Source: Adapted from United Nations Development Programme (2021).

Figure 4 Main social indicators for Colombia 

Source: Developed by the author.

Figure 5 Multiple stakeholders involved in the Colombian policy of big data 

Concerning the institutional framework, one could mention Colombian institutions such as the National Planning Department (hereinafter DNP) as the institution in charge when it comes to providing the guidelines for public policy design, implementation and evaluation in Colombia. Also, in promoting initiatives such the public policy for the exploitation of big data. Other bodies, namely the Ministry of ICT, and the National Department of Statistics (DANE) play a crucial role as well when coordinating efforts in this matter. Moreover, one must not forget international organisations that have been important supporters of these types of initiatives dealing with big data for programme evaluation purposes, for instance the United Nations Statistic Division and the UN Global Working Group on Big Data. These organisations have supported the realisation of events such as the 4th International Conference on Big Data for Official Statistics in Bogotá Colombia (2017).

Big data analytics for sustainable development goals in Colombia

The rapid development of digital technologies has indeed wrought new sources of information for official statistics. Colombia has been ranked in third place after Korea and France when it comes to the OURData Index1 2019 (OECD, 2020).

Moreover, Karlsson et al. (2019) present an overview of how BDA has been used as an innovative solution for problems faced by most Latin American countries, regarding programme design, implementation and evaluation. Colombia became the eighth country worldwide and the first in Latin America in establishing a policy to enable conditions for the adoption of BDA in the public sector (Escobar Gutiérrez et al., 2021, p. 28).

The policy field of this document is focused on SDG programmes and a survey presented by the World Bank and the Big Data UN Global Working Group to illustrate how BDA has been used to enable actions when designing and monitoring indicators in projects aimed at SDGs (Escobar Gutiérrez et al., 2021; The Task Team of the United Nations Global Working Group on Big Data, 2020). To name a concrete example, the DANE jointly with NASA have conducted workshops on the use of data analytics regarding Earth Observation for SDGs related to the environment (The Global Partnership for Sustainable Development Data, 2017). Colombia is also the first country in Latin America to adopt a public policy framework to enable social and economic development based on the exploitation of big data (Departamento Nacional de Planeación [DNP], 2018). This framework includes private partnerships and non-government organisations to leverage the first ever national big data strategy in the country (Innpulsa Colombia, MIT Media Lab & Data Pop Alliance, 2020).

Nevertheless, public intervention is indeed required to provide the conditions for a gainful and responsible exploitation of data, to overcome government failures and legal concerns that may threaten the benefits these new sources of information may represent for evaluation purposes. Likewise, as it is the case with many other public services, there is no supply created by the market to distribute the added value of public big data sets to stakeholders, as this can happen only within the private sector.
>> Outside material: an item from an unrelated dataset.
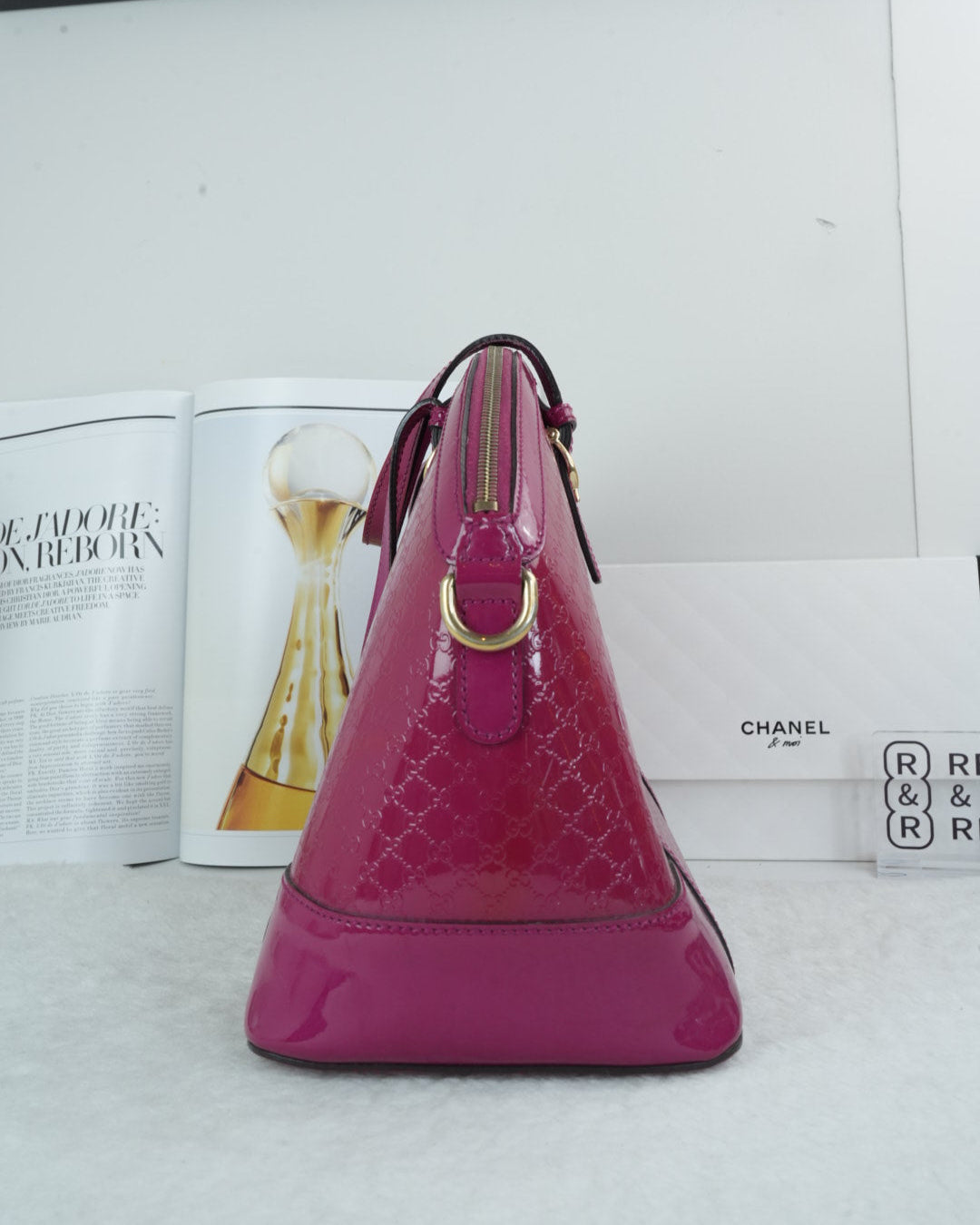 Gucci Microguccissima Nice Satchel - Pink - View 3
A major issue that one could anticipate in this regard is the limitation in terms of internet penetration levels as in the case of Colombia. Approximately only 60% of the households have any internet connection either fixed or mobile solutions (DANE, 2019, p. 12). Web-based measures still risk not being representative, but as internet penetration continues to grow, non-representativeness becomes less troublesome (Letouzé et al., 2016, p. 29). Despite these shortfalls, it is still interesting to describe how big data sources form part of an enormous digital transformation taking place in Colombia over the last decades.
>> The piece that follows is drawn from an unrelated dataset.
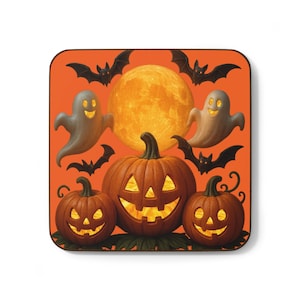 Halloween Coaster Set: Festive Fall Table Decor, Trick or Treat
METHODOLOGY AND DATA COLLECTION APPROACHES

Specific public programmes are presented as a way of illustration to frame the contributions that BDA may provide to programme evaluation design in Colombia. This exercise also intends to map specific and relevant trends of BDA applications in evaluation design under the context of SDGs. A qualitative analysis allows this research to establish a conceptual assessment in the explanation of BDA contributions. The goal here is to build upon concepts that rapid technological improvements of BDA as an emerging phenomenon have brought to public policy evaluation processes as a research topic. The process presents a literature review in a documentary analysis to provide researchers new ideas regarding relevant applications of BDA to conduct meaningful policy analyses. This review relied mainly on scientific articles and publications on topics closely related to BDA, programme evaluation and management. The literature on big data analysed here provided quite useful definitions and clear explanations of current trends and applicability to programme evaluation designs.

As in a practice of triangulation the empirical section of this research relies also on interviews to contrast the documentary analysis results in a way to better explore the applications of BDA in SDG assessment in Colombia, and analyse how the use of BDA may strengthen typical evaluation designs such as the ones presented in section 'Few evaluation approaches explained'. The philosophy behind this idea is to analyse projects that assess outcomes using BDA typologies described in section 'The advent of big data analytics (BDA) as an alternative'. The presumption here is that this reflection will strengthen monitoring systems connected to SDGs, as well as complementing official data sources (Vaca & Vega, 2019).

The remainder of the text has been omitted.